John Bridges: Mars Science Laboratory Blog

This blog is a record of my experiences and work during the Mars Science Laboratory mission, from the preparation, landing on August 5th 2012 Pacific Time, and onwards...

In addition to the blog, you can find some amazing videos and other content related to the mission, at:

http://mars.jpl.nasa.gov/msl/multimedia/videos/index.cfm?v=49

John Bridges

21st August 2014 Sol 726

21st August 2014 Sol 726

Posted by jcb36 at Aug 21, 2014 09:33 PM |

As we were performing a minidrill - thats the smaller test hole prior to a large full drill hole - the prongs that keep the turret and drill steady slipped by a small amount..  This caused the drilling to halt.  It may be that Bonanza_King is softer than we have come across before.  The drill is undamaged, but we now have to decide how to proceed and if possible get a sample.

19th August 2014 Sol 724

19th August 2014 Sol 724

Posted by jcb36 at Aug 19, 2014 08:55 PM |

We have started the condensed drilling procedures at Bonanza_King, having driven back out of Hidden Valley and its sandy deposits, to take another route.  You can see that the brush is working and we have just exposed the now familiar grey Mars beneath the oxidised red veneer, prior to drilling.  It  looks like some late fluids have cut through the sediments as shown by the light veins.

15th August 2014 Sol 720

15th August 2014 Sol 720

Posted by jcb36 at Aug 15, 2014 07:14 PM |

We have retraced our tracks in Hidden Valley, going back to a site called Bonanza_King.

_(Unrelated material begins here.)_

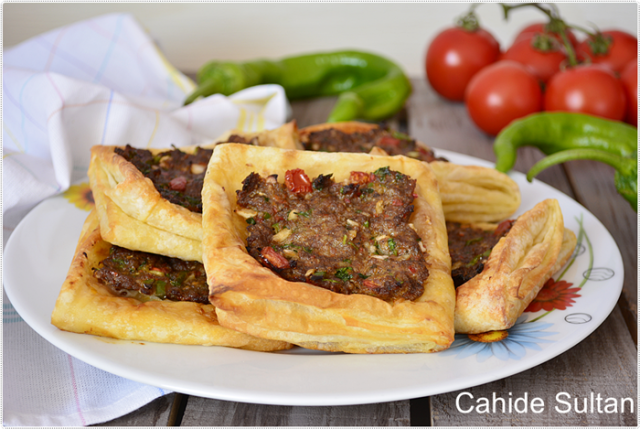 Hazır Yufkadan Lahmacun Börek Nefis Tarifler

We are going to do a short drilling programme ('Condensed Drilling') here on some outcrop in the bright area in the Navcam photo.  Its important that we get analyses of the mineralogy of a representative selection of different rock types as we go up the stratigraphy of the sedimentary layers towards Mt. Sharp.

5th August 2014 Sol 710

5th August 2014 Sol 710

Posted by jcb36 at Aug 05, 2014 05:28 PM |

We are moving into a new sort of terrain as we enter Hidden Valley.  On this HiRISE image and the inset MAHLI image you can see the sand ripples that we are traversing.  This has benefits over the hard rocky terrain as there will be less wear on the wheels but we will monitor slippage carefully as we drive.